In an exclusive deal, Apple Music will be the only place to stream Swift’s 1989 World Tour Live performance. Recorded on November 28 in Sydney, Australia, the video includes Swift’s entire on-stage performance, along with backstage and rehearsal footage. There’s no word on whether the concert will ever be available for purchase through other sources.

According to Recode, Swift collected a (presumably sizeable) paycheck as part of deal. In exchange, Apple will make Swift a major part of its marketing plans, with her likeness appearing on store displays and iTunes gift cards. She’s also appearing on Apple Music’s Beats 1 radio stream to hype up the concert.

The arrangement represents quite a reversal from June, when Swift criticized Apple Music for not paying out royalties to artists during users’ free trial periods. Apple quickly reversed its position, and Swift brought her latest album, 1989, to Apple Music—an exclusive among streaming services. Swift later explained to Vanity Fair that Apple treated her “like I was a voice of a creative community that they actually cared about.”

The whole ordeal may be provoking broader shifts in the streaming music industry. Last week, the Wall Street Journal reported that Spotify may let artists withhold music from the service’s free tier, which brings in far less revenue for musicians than Spotify’s $10 per month premium version. Swift is among several major artists who have pulled their entire catalogs from Spotify, feeling that the free version has devalued their work. Apple Music, by comparison, offers a three-month trial and free radio stations, but no free on-demand tier like Spotify does.

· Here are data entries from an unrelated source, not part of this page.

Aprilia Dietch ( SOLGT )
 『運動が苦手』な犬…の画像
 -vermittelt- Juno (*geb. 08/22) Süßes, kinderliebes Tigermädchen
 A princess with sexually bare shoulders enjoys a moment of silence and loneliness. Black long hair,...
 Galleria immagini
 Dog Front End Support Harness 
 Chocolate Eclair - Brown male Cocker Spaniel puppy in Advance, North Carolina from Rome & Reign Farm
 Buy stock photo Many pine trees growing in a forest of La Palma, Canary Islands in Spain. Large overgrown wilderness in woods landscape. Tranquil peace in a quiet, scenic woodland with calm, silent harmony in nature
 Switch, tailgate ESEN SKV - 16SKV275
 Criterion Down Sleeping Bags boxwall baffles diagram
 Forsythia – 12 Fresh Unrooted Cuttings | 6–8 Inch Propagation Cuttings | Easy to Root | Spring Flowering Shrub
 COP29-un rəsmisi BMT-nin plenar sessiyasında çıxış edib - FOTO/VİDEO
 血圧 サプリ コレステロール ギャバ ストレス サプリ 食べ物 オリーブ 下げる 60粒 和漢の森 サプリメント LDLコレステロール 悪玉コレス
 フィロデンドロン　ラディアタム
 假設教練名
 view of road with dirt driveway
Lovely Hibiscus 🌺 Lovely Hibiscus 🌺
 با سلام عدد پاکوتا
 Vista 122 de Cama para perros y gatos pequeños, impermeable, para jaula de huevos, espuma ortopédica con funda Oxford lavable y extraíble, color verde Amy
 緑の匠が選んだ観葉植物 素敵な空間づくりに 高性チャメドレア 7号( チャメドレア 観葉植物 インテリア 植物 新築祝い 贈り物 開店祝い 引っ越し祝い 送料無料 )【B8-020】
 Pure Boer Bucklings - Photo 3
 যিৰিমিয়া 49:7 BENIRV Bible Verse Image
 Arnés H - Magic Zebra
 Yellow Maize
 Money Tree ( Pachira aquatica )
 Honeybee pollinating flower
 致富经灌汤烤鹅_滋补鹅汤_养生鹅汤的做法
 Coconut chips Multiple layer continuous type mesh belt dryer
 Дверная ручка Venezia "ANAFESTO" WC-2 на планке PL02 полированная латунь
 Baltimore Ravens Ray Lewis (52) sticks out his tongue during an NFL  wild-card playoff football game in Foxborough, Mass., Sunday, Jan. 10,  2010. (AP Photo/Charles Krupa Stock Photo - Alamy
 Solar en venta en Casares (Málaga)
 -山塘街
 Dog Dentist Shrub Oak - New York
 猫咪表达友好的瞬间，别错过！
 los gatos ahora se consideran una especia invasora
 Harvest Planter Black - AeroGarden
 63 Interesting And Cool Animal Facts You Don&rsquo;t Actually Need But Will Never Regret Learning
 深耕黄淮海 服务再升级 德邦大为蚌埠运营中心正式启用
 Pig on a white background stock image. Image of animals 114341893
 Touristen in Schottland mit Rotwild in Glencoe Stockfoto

Why this matters: The reality for subscription streaming music services is that they’re fairly similar, with just a handful of marginal features to distinguish them. That partly explains why Apple Music’s 6.5 million paid subscribers—while respectable for a fairly new service—is nowhere near Spotify’s 20 million members. Locking up exclusives is one way to stand out, so this could be a trend to watch even for people with no interest in Swift’s music.